The arithmetic mean of twin primes 5 and 7 is 6 which is a triangular number. Do there exist any other such twin primes? If they exist find a pair otherwise prove that there do not exist any other such twin primes.
Let the smaller prime be $p$. The larger one is $p+2$. Their mean is $p+1$. Triangular numbers are of the form $\frac{n(n+1)}{2}$. So,
$$\frac{p+p+2}{2} = \frac{n(n+1)}{2}$$
How do I proceed further?
The arithmetic mean of twin primes 3 and 5 is 4 which is a perfect square. Do there exist any other such twin primes? If they exist find a pair otherwise prove that there do not exist any other such twin primes.

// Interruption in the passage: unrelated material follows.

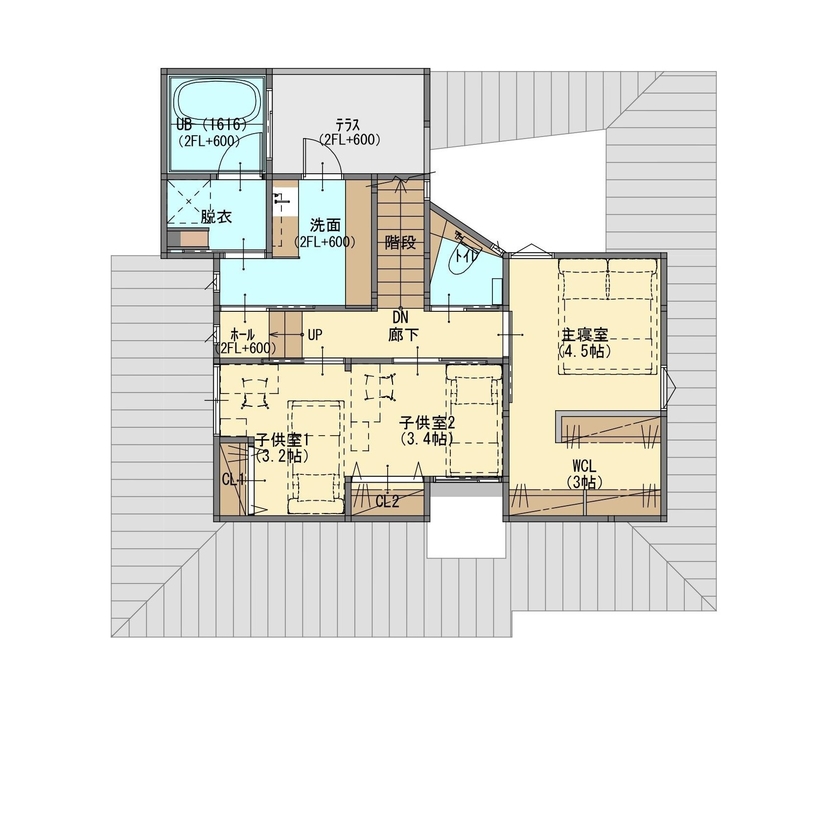 ジューケン 【土地面積約46坪】ほっと一息つける中庭から光と風が心地よく室内に届くガレージハウスの間取り図（3LDK）2階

I have made no progress in this one.
Thanks.
On the first one:
$$p+1 = \frac{n(n+1)}{2}$$ $$p = \frac{n(n+1)}{2} - 1$$ $$p = \frac{(n^2 + n - 2)}{2}$$ $$p = \frac{(n-1)(n+2)}{2}$$
Since $p$ is prime, $(n-1)/2 = 1$, so $n=3$ and $p+1 = n(n-1)/2 = 3*4/2 = 6$; or $n-1 = 1$ so $p+1 = 3$ (which, when we go back and check, is not a solution as $p+2 = 4$ and we're looking at twin primes). This proves $p+1 = 6$ is the only average of twin primes that is a triangular number.
On the second one:
$$p+1 = n^2$$ $$p = n^2 - 1$$ $$p = (n-1)(n+1)$$
Since $p$ is prime, $n-1 = 1$. This yields $p+1 = n^2 = 2^2 = 4$. This proves $p+1 = 4$ is the only average of twin primes that is a perfect square.